In terms of capital investment the biggest industrial scheme upon Southland's economic horizon is the project to produce hydro-electricity from the waters of Lakes Te Anau and Manapouri in order to supply power to the national grid system and to an aluminium-smelting plant located probably near Bluff. Arguing from the basis of cheap and abundant hydro-electricity, the joint State and private venture aims at producing, not before 1971, an initial 100,000 kW of electricity and, at a later but unstated date, 120,000 tons of aluminium, the bauxite being shipped from Queensland. A £150–million project cannot but be impressive and certainly it brings the margins of uninhabited Fiordland into the national economy in a dramatic manner. The impact of the scheme upon Southland's economy ought to be considerable, but its precise effects remain a matter of conjecture, as in fact does the execution of the whole project, because of the world market situation for aluminium.

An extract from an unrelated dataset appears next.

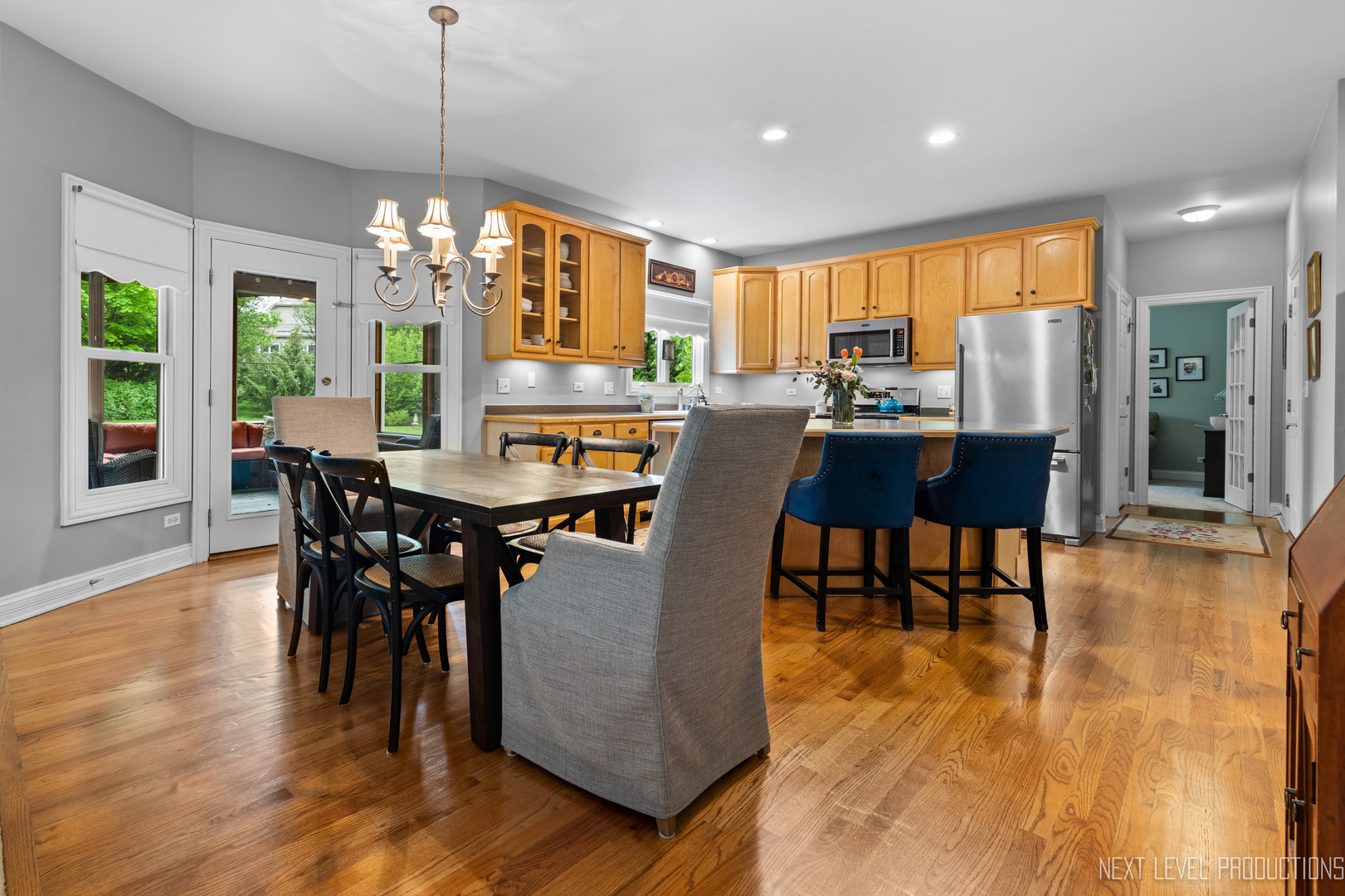 767 Wild Ginger Road Sugar Grove, IL 60554 - Photo 6 of 23 a view of a dining room with furniture window and wooden floor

Southland has important reserves of sub-bituminous coal and lignite and in 1960 produced 364,050 tons, 12.08 per cent of the national output, a proportion which has doubled since 1910. State enterprise prevails in the underground mines, but in the opencast mines private enterprise accounts for the majority of the output. The principal mining areas are concentrated around Ohai, though lignite is worked by the opencast system near Mataura. Most of the production is consumed within the region or in adjacent Otago.
The average annual rate of increase for Southland's population during the next two decades is forecast at 2.5 per cent, a rate well above the national forecast, the growth being concentrated in the Invercargill and Bluff area. This, to say the least, is an optimistic forecast, which to be achieved requires a marked acceleration in economic growth that certainly cannot be produced by an expansion in the pastoral sector alone; it therefore rests upon the less assured prospects of industrial development.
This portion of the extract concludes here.